ですが、第3章の見出しに「行動観察は科学である」とありますが、個人的に「行動観察はエキサイティングである」と言いたいです。
それくらい読んでいてワクワクしてくる内容なんです。文体もカジュアルで読みやすいというのもよかったです。
「現場」からしか生まれない?
まず行動観察のエッセンスを、第1章の大量に貼られた付箋の中から拾います。
新しいアイデアは、見ること、嗅ぐこと、聞くこと ?つまりその場にいること? から生まれる
クリエイティブは、パソコンの前にいるだけじゃあ何も生まれない?実際、そう感じることがあります。外から抽象的な話がボンっと降ってきて、パソコンと向き合い呆然とする・・みたいな話。
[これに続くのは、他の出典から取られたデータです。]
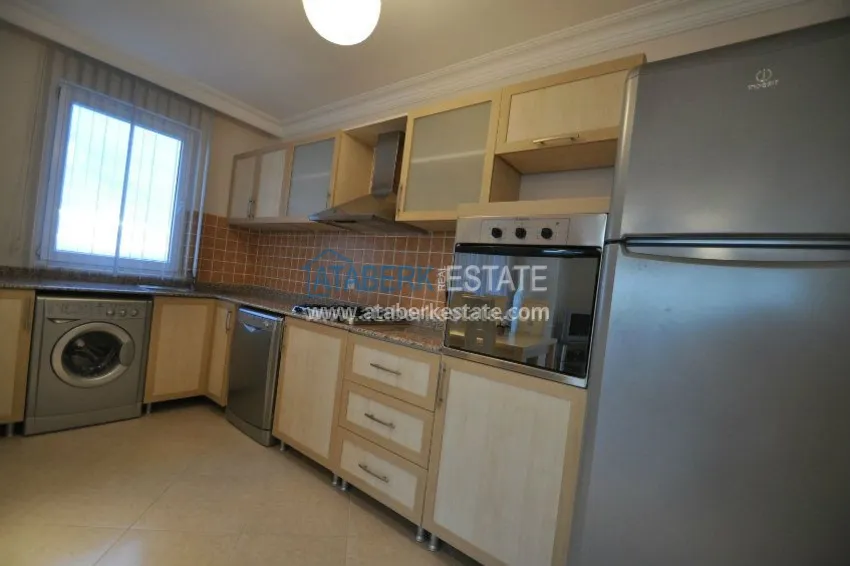 Просторная квартира с тремя спальнями и отдельной кухней 14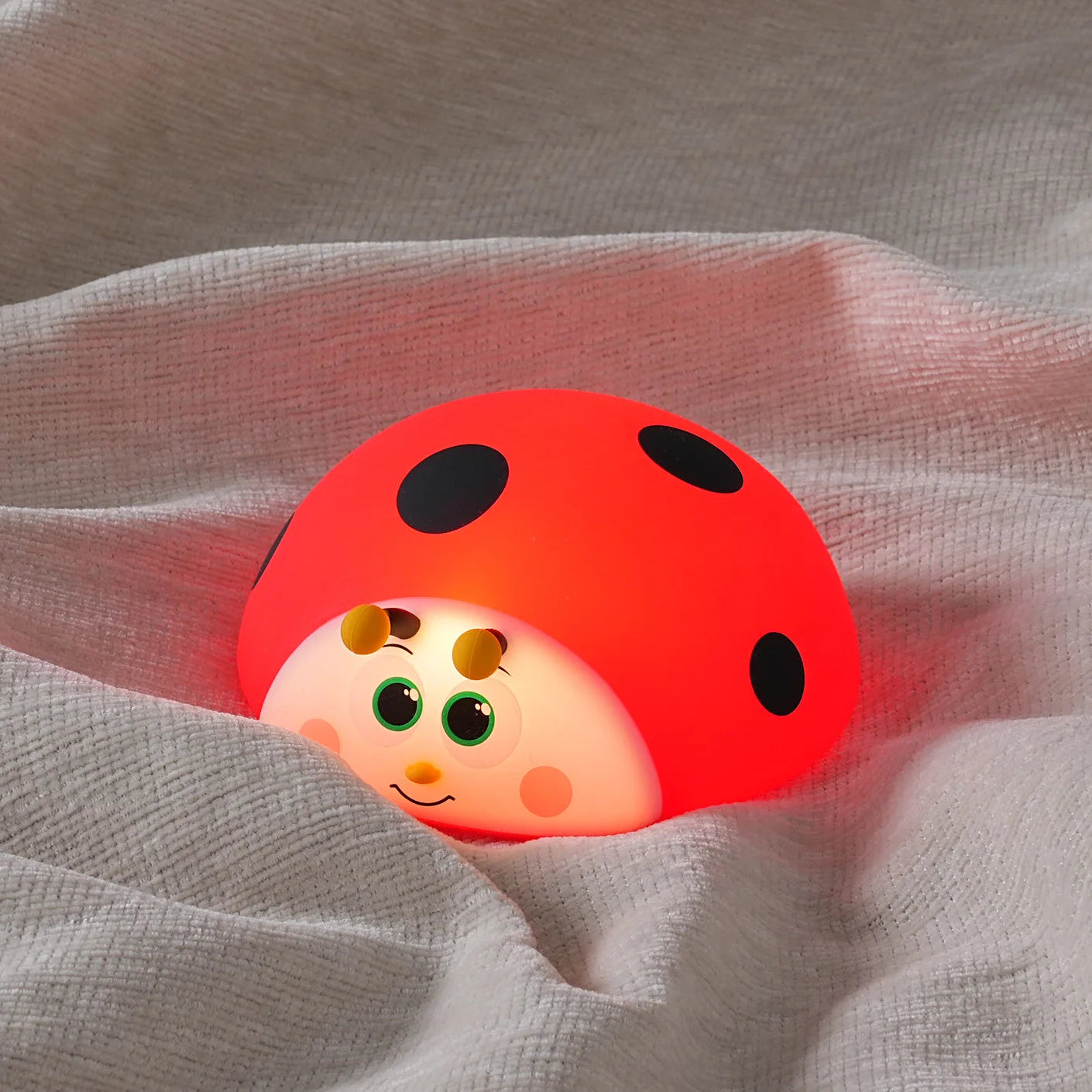 TinyGlow & Co™ Ladybug Silicone Night Light – USB Rechargeable Touch Control Lamp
そんな時は、現場で話を聞くと解決することがほとんどです。
以前読んだ西條剛央さんの本でも、役に立つ良いアイデアは、震災の現場で得られたことがきっかけとなっていることがわかります。
「観察」は誰もが日常的に行っている「他人の行動を見ること」と似ているようでかなり違う。様々なフィールドで多くの気づきを得るためには、ただ人の行動を見ているだけでは不十分である。
君は観察(observe)をしていない。ただ見ている(see)だけだ。わたしが言いたいのは観察するのと見るのとは全然違う、ということだ。(シャーロック・ホームズ)
もう、ただただ「なるほど〜」と。どうすれば観察する力が身に付くのでしょうか。
あと、興味深かったのが、「目的」が付加されることで「見ている」を「観察する」にすることができるんだな〜ということです。
言語化されていないニーズやノウハウを抽出できること
だれもがそうだと思います。「自分のことは自分が一番知っている」なんて大きな間違い。自分の行動を論理的に説明できないなんてざらですね。聞いても出てこないニーズは「観察する」ことで見つける。
大きく「ものづくり」をするということについて、「行動観察」がどれほど重要かわかります。
つづいて事例
その後は、著者である松波さんの実体験に基づいて、行動観察の具体的な手法や成果が紹介されています。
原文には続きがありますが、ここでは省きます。